### What you should do
Copy every record below exactly as written, but leave out the pictures.

◆ ◆ ◆ ◆ ◆

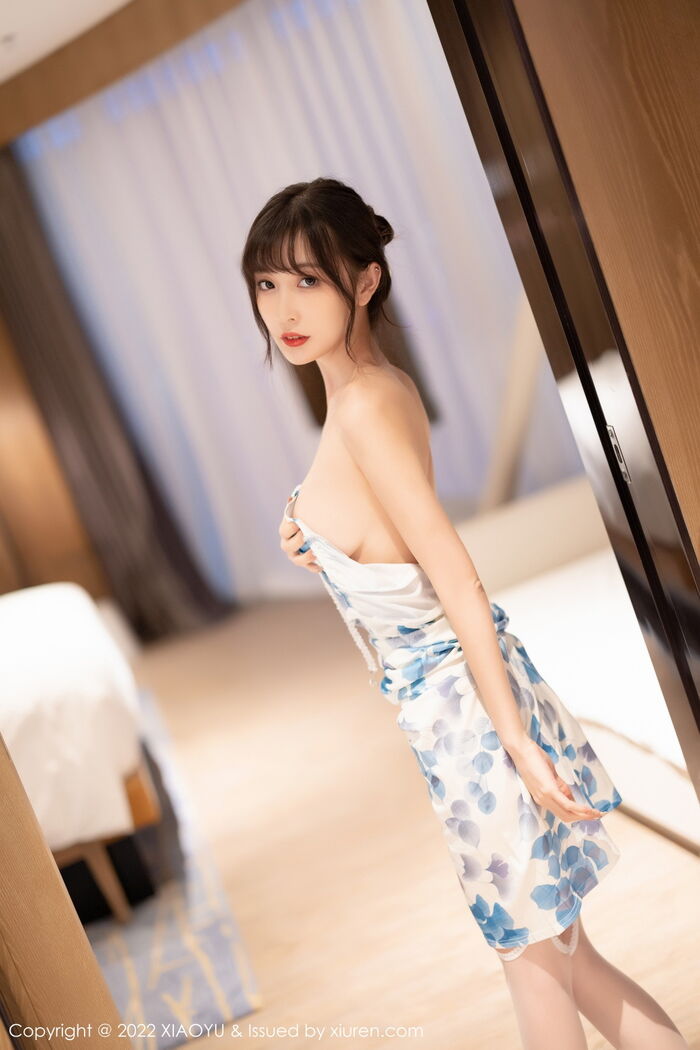 [XiaoYu画语界] Vol.877_模特林星阑性感露shoulder带图案连衣短配ultra-thin white 丝袜秀美腿迷人Photo 85P 70th image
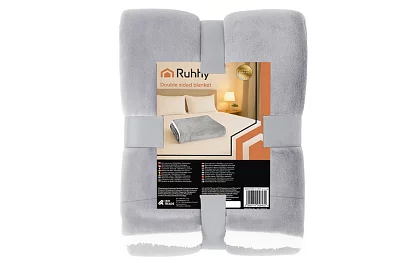 Dwustronny ciepły koc 150 × 200 cm – jasnoszary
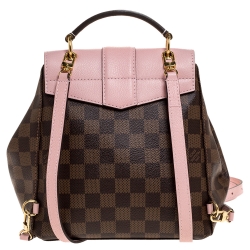 Pre Owned حقيبة ظهر لوي فيتون "كلابتون" كانفاس دامييه إيبني وردي فاتح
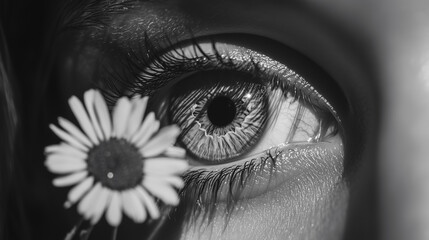 Obraz premium Close up of woman's eye a flower. Eye, flowers, black, white girl, face, eyelashes, shadow. A girl with dark eyelashes and a dark face with dark shadow. A girl with black eyes lifestyle and face.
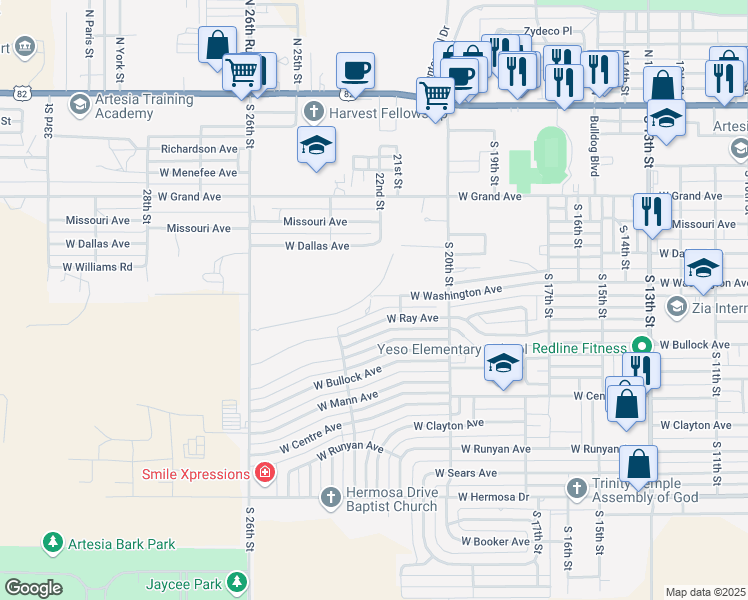 map of restaurants, bars, coffee shops, grocery stores, and more near 2209 West Washington Avenue in Artesia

◆ ◆ ◆ ◆ ◆

### Solution to this exercise
 [XiaoYu画语界] Vol.877_模特林星阑性感露shoulder带图案连衣短配ultra-thin white 丝袜秀美腿迷人Photo 85P 70th image
 Dwustronny ciepły koc 150 × 200 cm – jasnoszary
 Pre Owned حقيبة ظهر لوي فيتون "كلابتون" كانفاس دامييه إيبني وردي فاتح
 Obraz premium Close up of woman's eye a flower. Eye, flowers, black, white girl, face, eyelashes, shadow. A girl with dark eyelashes and a dark face with dark shadow. A girl with black eyes lifestyle and face.
 map of restaurants, bars, coffee shops, grocery stores, and more near 2209 West Washington Avenue in Artesia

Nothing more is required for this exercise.